Rocco Petrone. Dall’Appennino alla luna
Qualche mese prima del lancio di Apollo 11, la missione spaziale che avrebbe portato i primi uomini sulla Luna, la Nasa organizzò un tour di giornalisti nei principali siti della grande avventura. Giunti in Florida, a Cape Kennedy, dove oltre ventimila ingegneri e tecnici erano al lavoro per la costruzione dell’enorme razzo Saturn V e della navicella spaziale, gli inviati dei giornali e della televisione italiana restarono molto sorpresi nel leggere, nel breve elenco dei top manager della missione, l’ìtalianissimo nome di Rocco Petrone, il direttore di tutte le operazioni di lancio.
Incuriositi, chiesero di incontrarlo, e si trovarono di fronte un omone di un metro e novanta per un quintale di peso, con il fisico da giocatore di football, la faccia squadrata e gli occhi sottili ed espressivi da autentico figlio di contadini del sud. Piero Angela racconta che Petrone tolse subito ogni dubbio ai curiosi cronisti: «Si, sono italiano, e vengo dal paese di Sasso di Castalda, in mezzo alle montagne della provincia di Potenza!».
Sasso di Castalda. Un nome sconosciuto anche ai giornalisti italiani, tranne forse all’inviato del Corriere della Sera, Pino Josca, che aveva una certa idea di quelle montagne, essendo nato e cresciuto a Rionero in Vulture. E che dopo il successo della missione affidò alle colonne del principale giornale italiano un magistrale reportage di viaggio nella terra di origine di Petrone, questo piccolo paese di montagna «aggrappato a uno scoglio aspro che tocca i mille metri e che ricorda il Pan di Zucchero di Rio de Janeiro».

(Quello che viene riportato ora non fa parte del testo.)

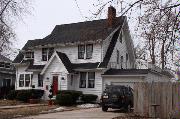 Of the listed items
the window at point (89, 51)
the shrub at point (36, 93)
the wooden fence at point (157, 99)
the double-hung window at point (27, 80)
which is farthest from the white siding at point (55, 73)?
the wooden fence at point (157, 99)

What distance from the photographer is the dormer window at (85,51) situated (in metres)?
36.7

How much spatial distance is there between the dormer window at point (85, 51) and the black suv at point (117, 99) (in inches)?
457

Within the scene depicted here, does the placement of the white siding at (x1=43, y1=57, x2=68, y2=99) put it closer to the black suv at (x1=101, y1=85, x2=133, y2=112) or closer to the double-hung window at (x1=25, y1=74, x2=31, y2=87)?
the double-hung window at (x1=25, y1=74, x2=31, y2=87)

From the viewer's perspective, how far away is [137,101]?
21.0m

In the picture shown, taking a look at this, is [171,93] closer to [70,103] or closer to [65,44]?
[70,103]

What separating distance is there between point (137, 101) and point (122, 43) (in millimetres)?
20502

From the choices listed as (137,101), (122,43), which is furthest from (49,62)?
(137,101)

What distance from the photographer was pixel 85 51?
121 feet

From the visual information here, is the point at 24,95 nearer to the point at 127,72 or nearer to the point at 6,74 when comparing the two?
the point at 127,72

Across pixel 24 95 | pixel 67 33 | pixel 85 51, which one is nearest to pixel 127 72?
pixel 85 51

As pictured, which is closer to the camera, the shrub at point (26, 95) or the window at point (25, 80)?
the shrub at point (26, 95)

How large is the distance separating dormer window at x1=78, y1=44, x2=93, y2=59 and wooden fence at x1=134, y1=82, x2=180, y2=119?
52.2ft

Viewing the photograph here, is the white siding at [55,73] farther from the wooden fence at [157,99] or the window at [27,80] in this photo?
the wooden fence at [157,99]

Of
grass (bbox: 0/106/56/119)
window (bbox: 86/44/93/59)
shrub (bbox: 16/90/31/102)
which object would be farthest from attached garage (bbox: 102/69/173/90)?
grass (bbox: 0/106/56/119) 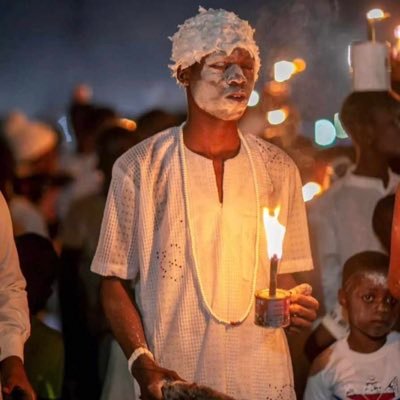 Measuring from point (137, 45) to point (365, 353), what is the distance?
317 cm

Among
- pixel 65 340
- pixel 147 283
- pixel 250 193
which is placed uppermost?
pixel 250 193

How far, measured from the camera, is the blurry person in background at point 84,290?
5.80m

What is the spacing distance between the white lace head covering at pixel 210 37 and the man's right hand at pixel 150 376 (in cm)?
109

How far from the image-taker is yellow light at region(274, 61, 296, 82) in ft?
20.9

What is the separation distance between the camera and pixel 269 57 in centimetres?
626

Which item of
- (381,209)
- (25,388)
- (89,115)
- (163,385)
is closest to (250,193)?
(163,385)

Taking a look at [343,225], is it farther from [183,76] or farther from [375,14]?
[183,76]

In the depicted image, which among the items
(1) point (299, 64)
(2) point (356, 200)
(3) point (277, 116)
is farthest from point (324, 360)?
(1) point (299, 64)

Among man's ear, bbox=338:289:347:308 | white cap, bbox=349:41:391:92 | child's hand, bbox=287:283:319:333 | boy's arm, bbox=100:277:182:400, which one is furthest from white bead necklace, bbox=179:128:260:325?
white cap, bbox=349:41:391:92

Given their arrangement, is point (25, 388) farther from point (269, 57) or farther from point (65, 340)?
point (269, 57)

La straordinaria avventura che avrebbe portato il figlio di due migranti a diventare uno dei principali protagonisti di una delle imprese più grandi della storia dell’umanità cominciò da Sasso di Castalda giusto cento anni fa, nel1921. Nel mese di febbraio di quell’anno Antonio Petrone e Teresa De Luca lasciarono il paese per tentare la fortuna in America, come tanti contadini poveri del mezzogiorno. Arrivarono dall’altra parte dell’Oceano poche settimane prima dell’entrata in vigore del Quote Act, la prima grande legge anti-immigrazione con la quale gli Usa, per usare un linguaggio oggi a noi familiare, “chiusero i porti” ai migranti, in particolar modo a quelli provenienti dal sud Italia. Il fatto che i Petrone riuscirono ad evitare i rigori di questa legge fu una fortuna per loro, ma ancor di più per l’America.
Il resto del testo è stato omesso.